**WHAT TO WORK ON:** Only one stretch of the data below is needed. Output the lines from the one with "Rebbie Jackson - Yours" up to and including the one with "A glowing grid", exactly as they stand.

**MATERIAL FOR THIS EXERCISE:**
____
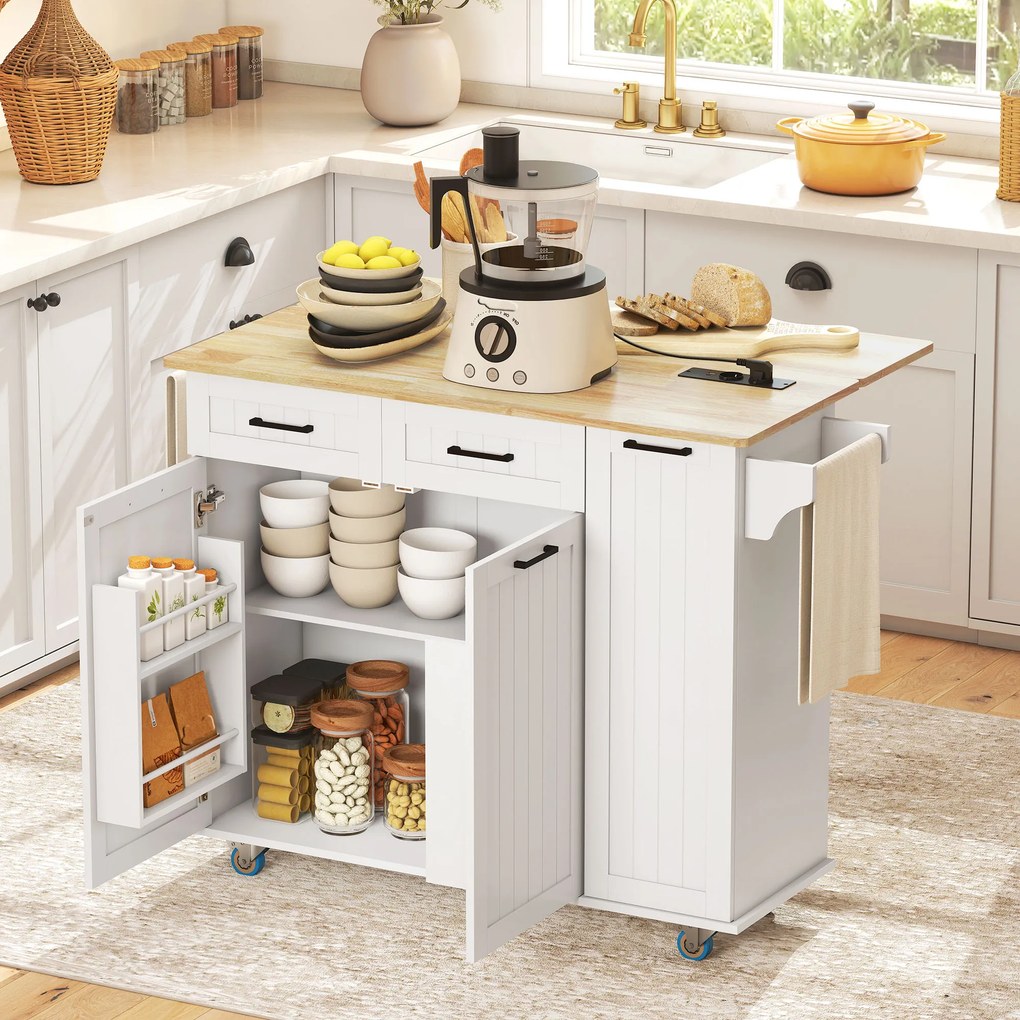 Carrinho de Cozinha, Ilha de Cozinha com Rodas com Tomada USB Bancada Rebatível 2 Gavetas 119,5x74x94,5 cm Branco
____
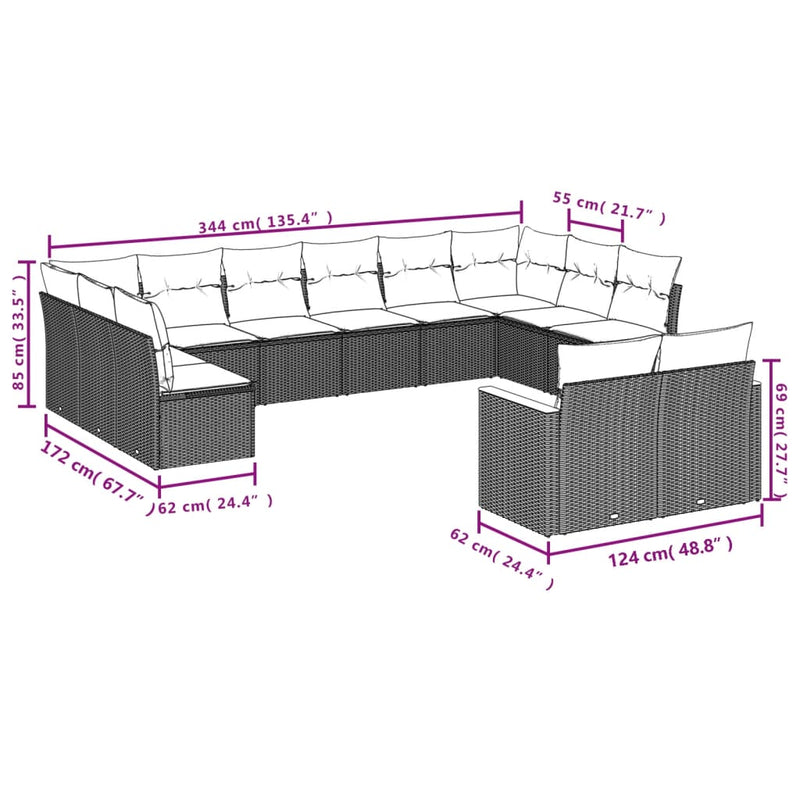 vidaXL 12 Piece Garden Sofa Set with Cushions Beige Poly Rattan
____
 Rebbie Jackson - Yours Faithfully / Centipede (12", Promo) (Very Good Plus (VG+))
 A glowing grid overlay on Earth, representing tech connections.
____
**RESPONSE:**
 Rebbie Jackson - Yours Faithfully / Centipede (12", Promo) (Very Good Plus (VG+))
 A glowing grid overlay on Earth, representing tech connections.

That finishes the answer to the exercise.